L’article de « Sud Ouest » faisant l’état des lieux des travaux au musée d’Aquitaine, le 6 avril 1983.

Archives Sud Ouest

Les silences du conservateur…

Pour quelle raison ? L’intéressé n’a pas voulu répondre. « Je ne vous dirai rien, je n’ai rien à dire de plus, sinon que ce que vous savez déjà : je quitte ce poste et je réintègre l’université. » Au musée d’Aquitaine, ses collaborateurs sont tout aussi discrets. La seule certitude, que M. Maurin lui-même confirme, c’est que dans quelques jours il va retrouver son poste de professeur d’antiquité nationale. Ce qui n’est d’ailleurs pas pour déplaire à ses collègues de la fac de Talence, ravis de le retrouver : « Pour nous c’est un bel héritage, commentait hier l’un d’eux, qui ajoutait que l’ex-conservateur — qu’il connaît bien — avait vécu un été pénible, physiquement et moralement. On a dû lui faire bien des misères pour qu’il en arrive à démissionner. Mais nous ne savons toujours pas exactement pourquoi. Il ne nous l’a pas dit. Il doit y avoir une belle magouille là derrière… »

… et les déclarations du directeur

Pour en savoir plus dans ce flou assez peu artistique, il fallait demander quelques explications à M. Jean Lavigne, directeur de l’action culturelle à la ville de Bordeaux. Il n’est pas dit que sa déclaration apportera une lumière suffisante pour comprendre la décision de M. Maurin : « C’est un problème interne au fonctionnement du musée, un problème de je ne sais plus quelle nature. Pas financier ni d’incompatibilité. Sans doute un problème entre quelques-uns et lui. Rien de sérieux en tout cas… » Comprenne qui pourra.

Mais le directeur municipal, à défaut d’être clair, exprime quelques gerbes de regrets : « C’est vraiment dommage : M. Maurin est un scientifique remarquable, un véritable savant. Peut-être un peu fragile psychologiquement, mais quelqu’un de très bien. Nous le regrettons é-nor-mé-ment. »

L’exposition sur l’art celtique au musée d’Aquitaine à Bordeaux, le 24 février 1984.

L’exposition sur l’art celtique au musée d’Aquitaine à Bordeaux, le 24 février 1984.

Archives Michel André / Sud Ouest

M. Lavigne se reprend : « Nous sommes actuellement en négociation avec la direction des Musées de France pour obtenir un intérimaire qui serait en place jusqu’à la fin de la première tranche des travaux du nouveau musée, en octobre 1985. Il y aura d’ailleurs à cette époque une exposition sur le port de la lune, de M. Maurin justement. Quant au musée tout entier, il devrait ouvrir ses portes au premier trimestre 1986. De toute façon il n’y aura pas de problème. »

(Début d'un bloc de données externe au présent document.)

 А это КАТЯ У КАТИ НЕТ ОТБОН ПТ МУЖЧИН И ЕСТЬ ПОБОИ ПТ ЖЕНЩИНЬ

Voire. Du côté de l’université on dit encore : « Notre ami Maurin est soutenu par la direction des Musées de France. Il n’est pas dit qu’on lui trouve un successeur demain matin ! »

Chez lui à Latresne, Louis Maurin tente d’oublier quatre années d’une histoire à peine ébauchée. Pour ce Bourguignon de 49 ans, unanimement reconnu et estimé de ses pairs, il doit être pénible de quitter aujourd’hui l’antiquité dans… l’ambiguïté.